N.C. needs more primary election debates
I’m inviting Republican candidates to join me for livestreamed debates before the March primary.
I’m a politics nerd. I freaking love debates. But I also understand why they’ve fallen out of favor.
In today’s media-saturated environment, people’s attention is fractured. Fewer people are willing to watch a full hour live, and so few people are actually persuadable that it doesn’t really make sense for candidates to take the risk and invest the time. Campaigns would rather control the message than take the risk of a real back-and-forth.
If debates were truly decisive, Dan Forest would be governor right now. He absolutely clobbered Roy Cooper in the one and only debate of 2020.
The bigger issue is that general election debates can only do so much. By the fall, most voters already know what a Democrat and a Republican are going to say on the biggest topics. The choice is clear. A debate might confirm impressions, and it can reveal competence and temperament, but it rarely helps you discover what’s actually different.
Primaries, though, are where debates really matter.
In a primary, voters are often choosing between candidates who mostly agree on the basics, which means the real questions are about priorities, judgment, seriousness, and what you’ll actually do once you get there. Especially in General Assembly races, that’s not always easy to sort out from mailers and social media.
Right now, we just don’t give voters many chances to see candidates tested side by side.
So I want to help fix it.
Between now and the March primary, I’m offering to host and moderate live-streamed debates among Republican candidates. Candidates can do it from a home computer. No travel. No studio. Just a clean, fair format that voters can watch live or catch later.
Here’s the structure I have in mind: We start with three-minute opening statements, then we run six to eight questions alternating back and forth between candidates. For each question, each candidate gets a minute to answer, the opponent gets a minute to rebut, and then the first person gets a minute to respond back. Then we wrap with three-minute closing statements.

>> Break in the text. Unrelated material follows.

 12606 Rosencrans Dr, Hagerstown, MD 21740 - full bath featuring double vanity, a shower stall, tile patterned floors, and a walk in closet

The key is that these should feel like actual debates, not alternating statements. Within reason — and in my discretion as moderator — if the exchange is substantive and voters are learning something, I’m going to let the candidates engage with each other instead of cutting everything off the moment the stopwatch buzzes.
Afterward, I’ll give both campaigns the raw video files, so they can clip and use the footage however they want.
I’m particularly interested in hosting debates in these Republican contests, in no particular order:
Rep. Jake Johnson vs. former Rep. Mike Hager (N.C. House District 113)
John Powell vs. Clancy Baucom (N.C. House District 55)
Judge Michael Byrne vs. Judge Matt Smith (N.C. Court of Appeals, Seat 1)
Sen. Phil Berger vs. Rockingham County Sheriff Sam Page (N.C. Senate District 26)
Sen. Chris Measmer vs. former Rep. Kevin Crutchfield (N.C. Senate District 34)
Rep. Jimmy Dixon vs. Marcella Barbour (N.C. House District 4)
Rep. Keith Kidwell vs. Darren Armstrong (N.C. House District 79)
I’m going to reach out to these candidates and try to set them up. If you’re in a different race and you’re willing to debate, let me know. I can’t promise I’ll land every matchup, but I’ll do my best to broker an agreement and make it easy.
Let’s do more primary debates in North Carolina.
Quick hits
The State Board of Elections just signed off on early voting plans for the primary, and in most counties it was routine and bipartisan. In my new column, I argue progressive groups are turning a handful of disputes into a voter suppression morality play, even though many changes are just resource tradeoffs that officials should be able to explain clearly.
Read the full column here, free with gift link: Not every early voting change in North Carolina is a Republican conspiracy
The removal petition against Mecklenburg County Sheriff Garry McFadden was tossed in court last week, but the SBI investigation is still moving forward. In my other column, I argue he should resign now to protect the sheriff’s office and salvage what’s left of his own name.
Read it with gift link: For Charlotte’s sake, sheriff Garry McFadden should resign




Agree and disagree. Yes, way back in 2014, the Tillis/Rove team proved they could duck debates, hide from their party base, and guilt us into supporting him in November. That’s how NC twice elected one of the most liberal “Republicans” in the Senate.
Disagree on the Forrest assessment because he kept playing the “nice guy” shtick during the debate, while Cooper was in full attack mode. From a pure consumer perspective, Dan came across as weak. After early voting began, a center-right female friend told me she voted for Forrest, “but he’s not going to win.”